Gene Expression: Translation and Protein Synthesis begins by defining the chemical composition of proteins, detailing how twenty standard amino acids—characterized by central carbons, amino groups, carboxyl groups, and distinct side chains—link via peptide bonds to form polypeptides that fold into complex primary, secondary, tertiary, and quaternary structures held together by hydrogen bonds and other molecular interactions. The text explores the nature of the genetic code, establishing it as a triplet, nonoverlapping, comma-free, and degenerate system where 64 codons specify amino acids, a discovery elucidated through frameshift mutation experiments by Crick and Brenner and synthetic mRNA assays by Nirenberg and Khorana. Key features such as the wobble hypothesis, which explains how a single tRNA can recognize multiple synonymous codons due to flexible pairing at the third position, and the near-universality of the code across organisms are emphasized. The discussion then shifts to the molecular machinery of translation, specifically the cloverleaf structure and function of transfer RNA (tRNA) with its anticodon loops and specific amino acid attachment sites charged by aminoacyl-tRNA synthetases, as well as the composition of ribosomes (70S in bacteria and 80S in eukaryotes) composed of ribosomal RNA and proteins.
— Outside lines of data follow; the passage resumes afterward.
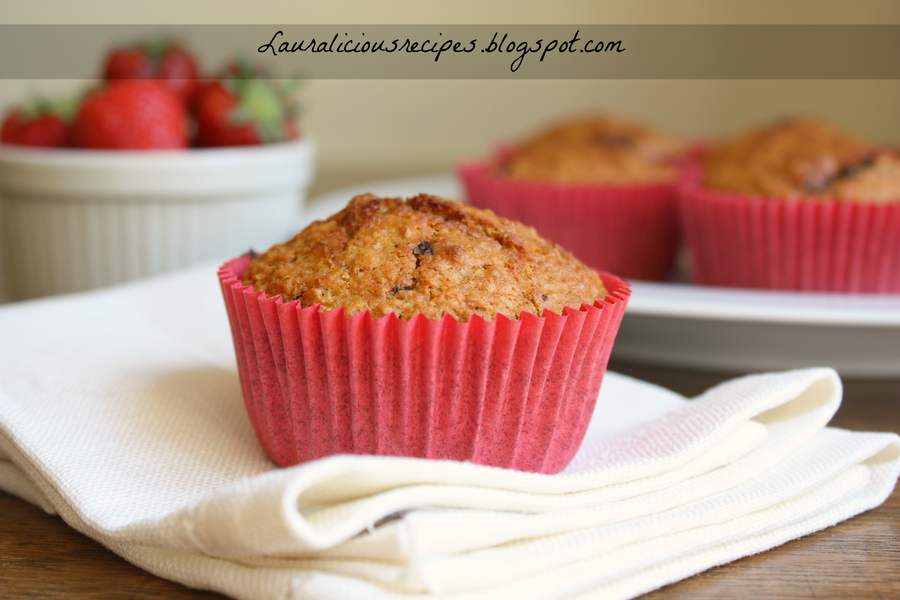 Rolled oats, dark chocolate and strawberry muffins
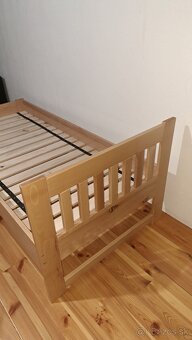 Predám masívnu bukovú posteľ 200x90 - 2
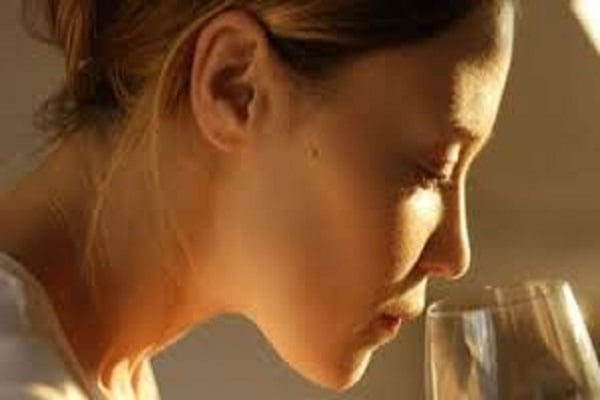 এবার নতুন নতুন লক্ষ'ণও দেখা যাচ্ছে করোনা আক্রা'ন্তদের, বলছে গবেষণা 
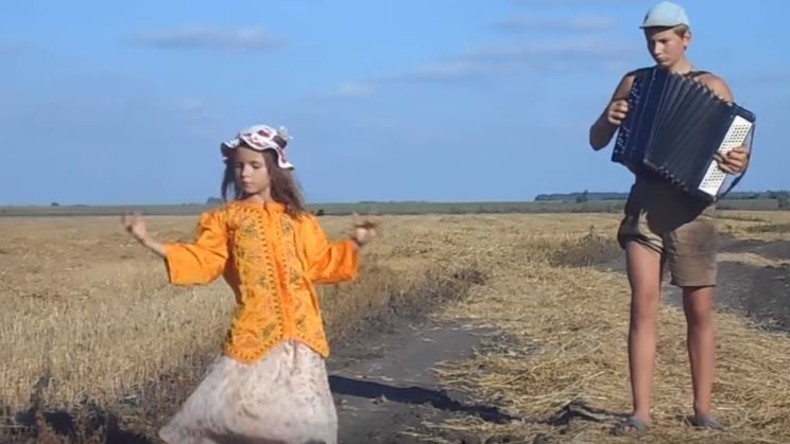 Russisches Geschwisterpaar musiziert und tanzt sich in die Herzen der Welt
The mechanism of protein synthesis is dissected into three distinct stages: initiation, elongation, and termination. Initiation differences are highlighted by comparing the bacterial Shine-Dalgarno sequence interaction with 16S rRNA against the eukaryotic scanning model involving the 5-prime cap, eukaryotic initiation factors, and the Kozak sequence. The elongation phase is described in detail, involving the binding of charged tRNAs to the A site, peptide bond formation catalyzed by the ribozyme activity of peptidyl transferase within the large ribosomal subunit, and translocation powered by GTP hydrolysis and elongation factors like EF-Tu and EF-G. Termination is explained through the recognition of nonsense or stop codons by release factors and the subsequent disassembly of the ribosome complex. Finally, the chapter covers protein sorting and cellular trafficking, explaining the signal hypothesis where N-terminal signal sequences direct nascent polypeptides to the endoplasmic reticulum via signal recognition particles (SRP) for secretion or organelle placement, ensuring proteins reach their correct cellular destinations.